No, I don't think we should avoid splits when possible, I don't think we
should avoid splits at all costs.
On Sun, Jun 27, 2021, 19:12 Billy Tetrud <billy.tetrud at gmail.com> wrote:
> @Luke
> > They can still slow it down.
>
> Absolutely. However I think that the option of permanent failure is
> important. It certainly would be ideal to ensure that enough bitcoin users
> support the upgrade *before* releasing it, however realistically this can
> never be more than an estimate, and estimates can sometimes be wildly
> wrong. It would be unfortunate if miners had a substantially different
> estimate of user support than the people putting in the work to release
> bitcoin upgrades. Even if upgrades are never released before it becomes
> clear that a large supermajority of users want the upgrade, if miners don't
> agree with the estimate a harmful chain split could occur. And I agree with
> Eric that the goal here is to prevent a chain split during an upgrade when
> possible. This includes permanent failure of an upgrade when there is
> unexpectedly large miner opposition.
>
> This of course does not prevent a UASF-style deployment to be done after
> an initial failure to deploy occurs. My proposal is essentially a mechanism
> to improve upon the speedy-trial idea, allowing for even speedier releases
> (than speedy trial) without adding additional risk of undesired chain
> splits.
>
> > [BIP8] already has the trinary state you seem to be describing
>
> It sounds like you're saying the trinary state of BIP8 is A. Follow the
> longest chain, B. Follow the upgrade chain, or C. follow the non-upgraded
> chain. I agree. However the trinary state in my proposal is materially
> different - it is the signaling itself that is trinary, not just which
> chain is being followed. This allows others to know and make programmatic
> decisions (in software) based on that signaling. I'm sure you can agree
> that does not exist in BIP8.
>
> > No additional bit is needed, as softforks are coordinated between users,
> NOT miners
>
> And yet there is miner involvement, as you rightly pointed out. Miners are
> needed to set the nVersion in the header. So when you say "no additional
> bit is needed", could you please be clearer as to what you mean? Do you
> mean that signaling of opposition in a block can be done without any
> "additional bit"? Or are you just saying that it is redundant to consider
> what miners might be opposing an upgrade?
>
> @Jorge
> > If different users want different incompatible things... there's no way
> to avoid the split
>
> I agree. This happened with bcash, and that's fine. It was painful, but
> there were a significant amount of users that disagreed, and they have the
> chain they want now.
>
> But we generally all want to avoid a chain split when possible. Because
> chain splits have a cost, and that cost can be high, its likely that many
> users would rather choose the chain with the most support rather than
> choosing the chain with their preferred rules.
>
> However, the question here is: how do we estimate what fraction of users
> wants which rules?
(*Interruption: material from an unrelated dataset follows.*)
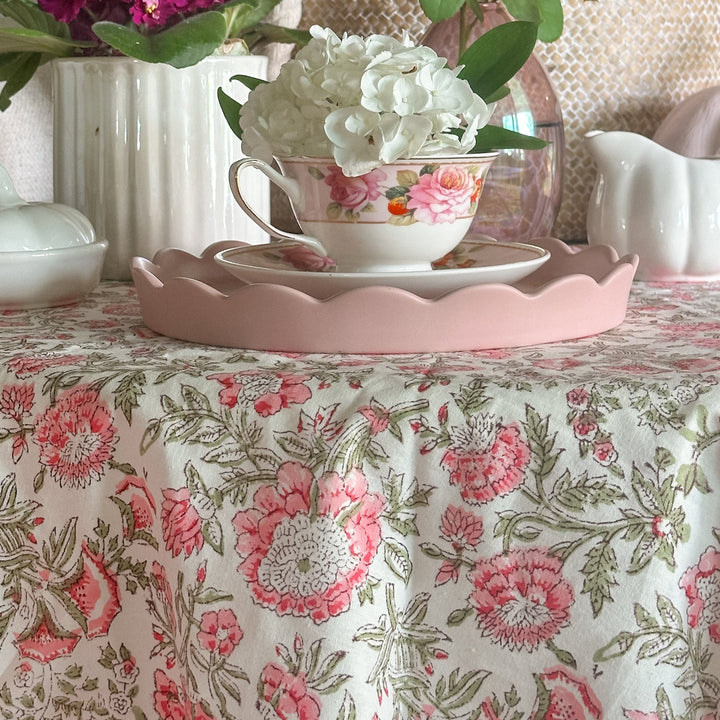 Detail shot of pink floral round tablecloth set for a small fall gathering. Hand block printed on premium cotton with a striped border edging.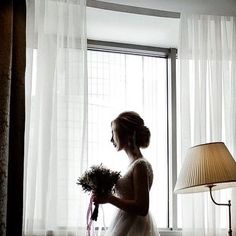 a woman standing in front of a window next to a lamp and holding a bouquet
We don't have a divining rod to determine with certainty
> what users want. We can only make polls of various levels of inaccuracy.
> The methods bitcoin has been using is community discussion and social
> consensus estimation as well as miner signaling during the actual
> deployment period. Neither of these are perfect, but they are both
> reasonable enough mechanisms. However, because both of these mechanisms are
> very rough estimates of user sentiment, we need to consider the possibility
> that sometimes the estimate may be substantially inaccurate when we design
> deployment procedures. This inaccuracy is why we need multiple barriers in
> place for an upgrade, and why we need to have higher thresholds of success
> (require larger supermajorities in both consensus and miner signaling).
>
> Developers obviously care about bitcoin and have an incentive (personal
> and probably financial) to do it right. And miners have both an incentive
> to keep the system healthy, as well as an incentive to mine on the chain
> that the economic majority of users is using. But measuring the consensus
> of the bitcoin community can be extraordinarily difficult to do with
> consistent accuracy, and so I think miner signaling as it has been used as
> a second barrier to entry for an upgrade is quite appropriate.
>
> On Sun, Jun 27, 2021 at 2:22 AM Eric Voskuil <eric at voskuil.org> wrote:
>
>> I have not objected to anyone splitting. As I said, a split is always
>> possible, and of course has been done on a large scale. It is only the
>> misleading statements about inherent soft fork “compatibility” and the
>> implication that activation without hash power enforcement does not create
>> a split that I object to. People who know better should be honest about it.
>>
>> Far too many people have been led to believe there is some sort of
>> activation choice with “ensured” equal outcomes (maybe “slowed down”).
>> There is only a choice between creating a split and hash power enforcement.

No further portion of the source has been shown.